When time comes to raise capital, owners may be called upon to dilute their stake. What if an outside investor had to be brought in to raise capital? As a minority shareholder, it may have little say in the running of the company. “It would not be a truly independent situation,” says Wicki of HBM. Going back to the mixed bag quandary, the investor may believe that a drug or research programme has to be killed to funnel more resources into something that is showing more promise. But it may have little control on where funds are allocated. “If he wants to raise capital, the promoter has to be willing to lose control.”

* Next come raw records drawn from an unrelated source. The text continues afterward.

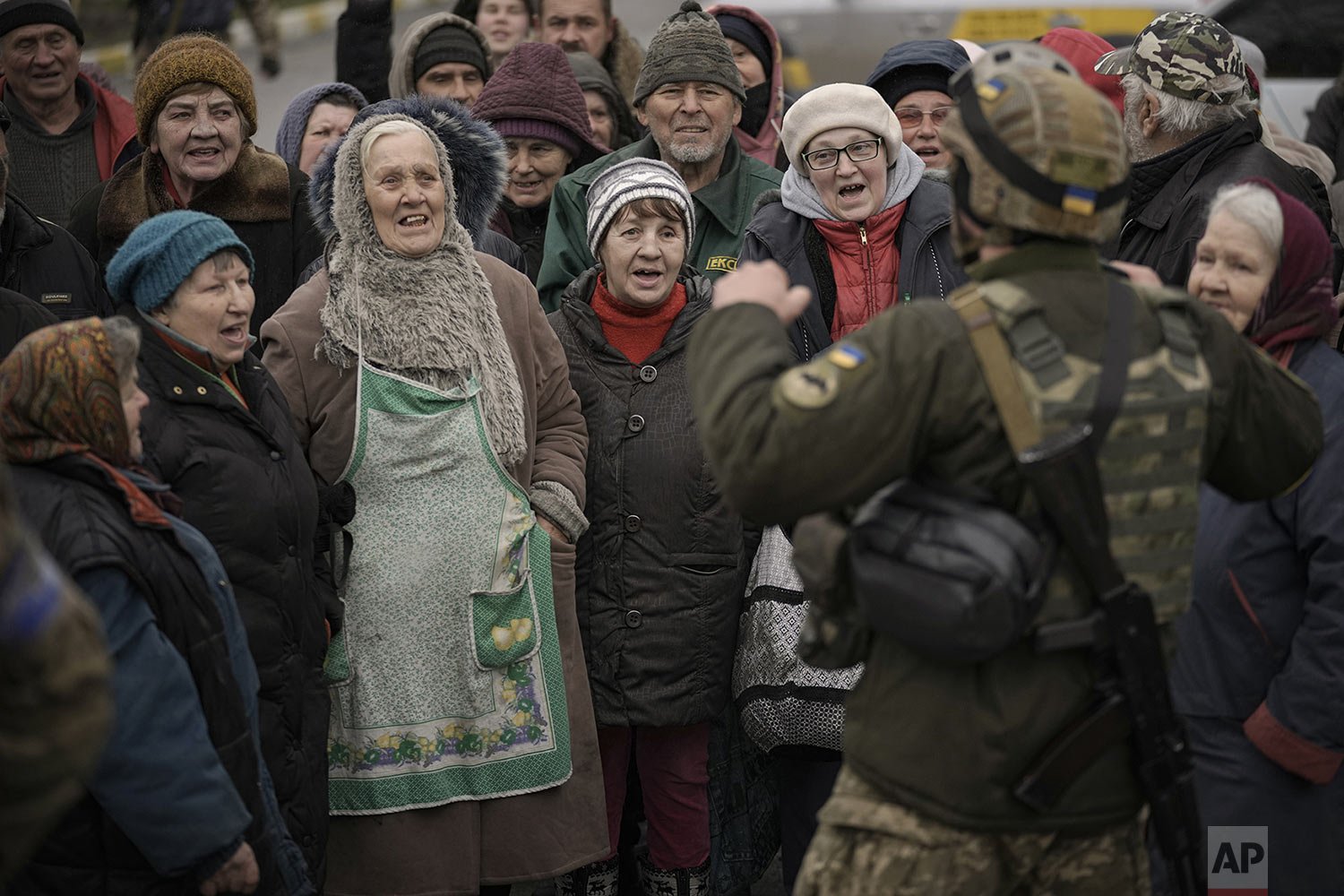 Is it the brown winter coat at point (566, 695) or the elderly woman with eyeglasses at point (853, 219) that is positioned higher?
the elderly woman with eyeglasses at point (853, 219)

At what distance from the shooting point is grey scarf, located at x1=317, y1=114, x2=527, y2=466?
4289 mm

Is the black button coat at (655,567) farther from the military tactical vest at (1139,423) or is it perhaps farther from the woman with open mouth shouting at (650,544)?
the military tactical vest at (1139,423)

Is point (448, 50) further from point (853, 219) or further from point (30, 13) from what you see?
point (853, 219)

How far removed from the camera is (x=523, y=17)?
310 inches

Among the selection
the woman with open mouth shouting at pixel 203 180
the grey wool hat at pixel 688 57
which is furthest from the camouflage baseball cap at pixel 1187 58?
the woman with open mouth shouting at pixel 203 180

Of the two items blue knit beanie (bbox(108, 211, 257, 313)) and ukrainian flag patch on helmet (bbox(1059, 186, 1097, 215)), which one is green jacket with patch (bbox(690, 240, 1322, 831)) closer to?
ukrainian flag patch on helmet (bbox(1059, 186, 1097, 215))

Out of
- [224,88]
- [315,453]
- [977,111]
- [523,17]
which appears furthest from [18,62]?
[977,111]

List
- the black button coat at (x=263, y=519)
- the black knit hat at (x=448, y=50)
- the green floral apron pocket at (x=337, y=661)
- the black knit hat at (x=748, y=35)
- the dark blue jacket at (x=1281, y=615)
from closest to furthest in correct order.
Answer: the dark blue jacket at (x=1281, y=615) → the black button coat at (x=263, y=519) → the green floral apron pocket at (x=337, y=661) → the black knit hat at (x=448, y=50) → the black knit hat at (x=748, y=35)

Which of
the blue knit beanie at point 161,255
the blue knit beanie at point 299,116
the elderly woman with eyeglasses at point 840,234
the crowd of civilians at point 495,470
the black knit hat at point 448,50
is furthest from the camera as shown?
the black knit hat at point 448,50

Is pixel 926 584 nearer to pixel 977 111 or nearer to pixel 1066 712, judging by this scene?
pixel 1066 712

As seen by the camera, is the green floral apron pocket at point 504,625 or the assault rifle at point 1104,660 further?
the green floral apron pocket at point 504,625

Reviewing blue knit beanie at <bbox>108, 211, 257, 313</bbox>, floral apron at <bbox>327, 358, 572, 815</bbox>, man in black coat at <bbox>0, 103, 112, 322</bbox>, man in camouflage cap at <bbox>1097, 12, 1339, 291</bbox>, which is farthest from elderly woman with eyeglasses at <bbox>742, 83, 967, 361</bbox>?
man in black coat at <bbox>0, 103, 112, 322</bbox>

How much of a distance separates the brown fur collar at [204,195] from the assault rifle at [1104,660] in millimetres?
3521

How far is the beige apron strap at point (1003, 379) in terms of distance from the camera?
2.57 m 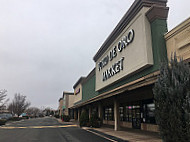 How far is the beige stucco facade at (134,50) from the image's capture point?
12953 mm

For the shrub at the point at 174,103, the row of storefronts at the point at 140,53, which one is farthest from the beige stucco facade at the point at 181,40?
the shrub at the point at 174,103

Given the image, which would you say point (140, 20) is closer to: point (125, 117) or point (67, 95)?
point (125, 117)

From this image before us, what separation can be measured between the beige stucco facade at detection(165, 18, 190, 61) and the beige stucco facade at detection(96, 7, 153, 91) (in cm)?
161

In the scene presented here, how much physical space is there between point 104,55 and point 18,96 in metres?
48.4

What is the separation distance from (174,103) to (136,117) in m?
13.6

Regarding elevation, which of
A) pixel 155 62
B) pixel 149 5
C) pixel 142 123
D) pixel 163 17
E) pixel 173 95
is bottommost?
pixel 142 123

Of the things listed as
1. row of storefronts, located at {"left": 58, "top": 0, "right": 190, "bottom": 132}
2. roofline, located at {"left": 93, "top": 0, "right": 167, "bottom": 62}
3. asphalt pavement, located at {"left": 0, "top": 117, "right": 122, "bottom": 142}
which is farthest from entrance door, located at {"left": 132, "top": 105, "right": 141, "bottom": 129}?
roofline, located at {"left": 93, "top": 0, "right": 167, "bottom": 62}

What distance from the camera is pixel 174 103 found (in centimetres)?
620

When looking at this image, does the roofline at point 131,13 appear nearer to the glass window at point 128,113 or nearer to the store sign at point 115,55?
the store sign at point 115,55

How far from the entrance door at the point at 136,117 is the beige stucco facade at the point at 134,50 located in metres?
4.00

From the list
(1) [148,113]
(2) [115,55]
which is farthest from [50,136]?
(2) [115,55]

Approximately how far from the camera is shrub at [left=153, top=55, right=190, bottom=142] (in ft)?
19.4

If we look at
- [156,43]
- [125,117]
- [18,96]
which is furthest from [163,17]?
[18,96]

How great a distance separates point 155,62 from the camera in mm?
12383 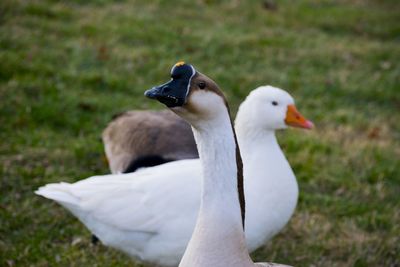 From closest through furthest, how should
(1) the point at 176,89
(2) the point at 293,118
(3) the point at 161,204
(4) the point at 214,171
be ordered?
(1) the point at 176,89 < (4) the point at 214,171 < (3) the point at 161,204 < (2) the point at 293,118

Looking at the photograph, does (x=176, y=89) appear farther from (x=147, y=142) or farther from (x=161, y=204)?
(x=147, y=142)

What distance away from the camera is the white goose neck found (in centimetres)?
255

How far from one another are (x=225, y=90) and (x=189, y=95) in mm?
4986

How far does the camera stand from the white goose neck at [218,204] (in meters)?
2.55

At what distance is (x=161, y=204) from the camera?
404 cm

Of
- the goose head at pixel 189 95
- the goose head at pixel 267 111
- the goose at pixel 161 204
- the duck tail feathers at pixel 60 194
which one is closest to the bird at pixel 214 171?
the goose head at pixel 189 95

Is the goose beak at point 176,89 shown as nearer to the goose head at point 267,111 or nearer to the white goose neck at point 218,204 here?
the white goose neck at point 218,204

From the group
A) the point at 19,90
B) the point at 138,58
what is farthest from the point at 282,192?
the point at 138,58

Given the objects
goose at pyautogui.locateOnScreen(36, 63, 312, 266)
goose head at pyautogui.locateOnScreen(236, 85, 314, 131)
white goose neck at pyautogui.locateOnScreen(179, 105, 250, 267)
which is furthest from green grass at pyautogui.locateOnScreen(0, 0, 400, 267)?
white goose neck at pyautogui.locateOnScreen(179, 105, 250, 267)

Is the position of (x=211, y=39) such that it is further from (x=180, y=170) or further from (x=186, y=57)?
(x=180, y=170)

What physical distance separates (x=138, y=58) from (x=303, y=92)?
2011mm

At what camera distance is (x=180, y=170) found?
4.14 m

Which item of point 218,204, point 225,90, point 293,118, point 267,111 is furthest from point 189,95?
point 225,90

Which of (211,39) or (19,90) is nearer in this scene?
(19,90) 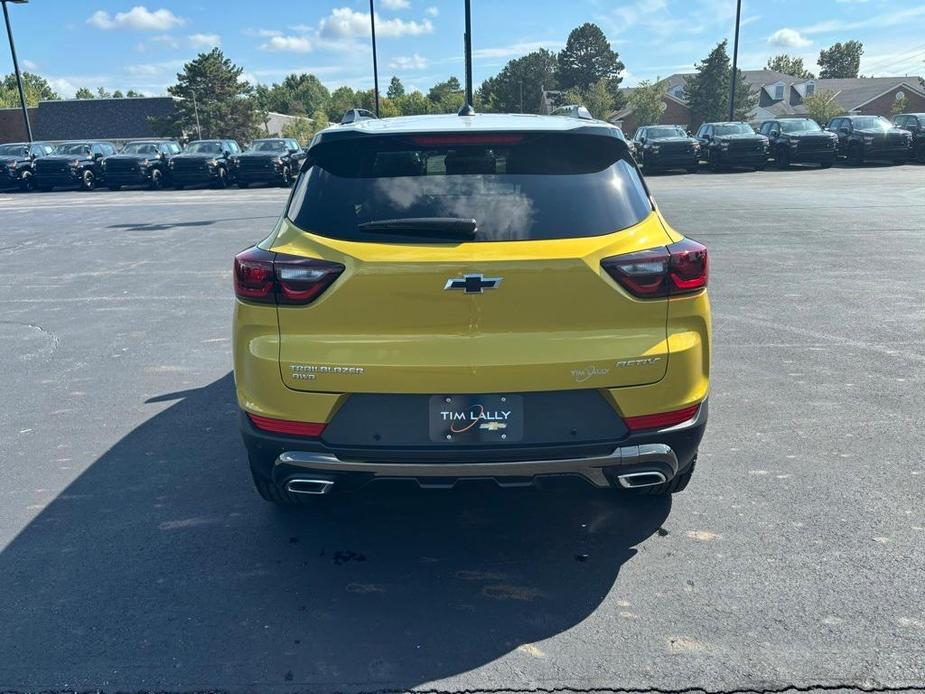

But will they? Take Glenmark. Whatever he may think about the secondary market’s ability to value R&D, Saldanha is living with it. Instead, he has transferred the generics business to a subsidiary that will list on BSE. Glenmark will raise money by selling some of its stock in this new company, Glenmark Generics. That way Saldanha retains control on both. Others such as Zydus Cadila and Lupin have yet to separate the two.

It is too early for companies to have all the answers. They have a lot in their favour. Unlike traditional start-ups, these R&D units have been incubated by cash-rich generics companies. They have had time and the best infrastructure at their disposal. Money too may come. But that won’t be enough. In the late 1990s, biotech companies raised billions of dollars. Yet in 2006, US public biotech companies netted losses of $3.5 billion as many promising advances got delayed or canned.

A lot now depends on how these new R&D companies perform going forward.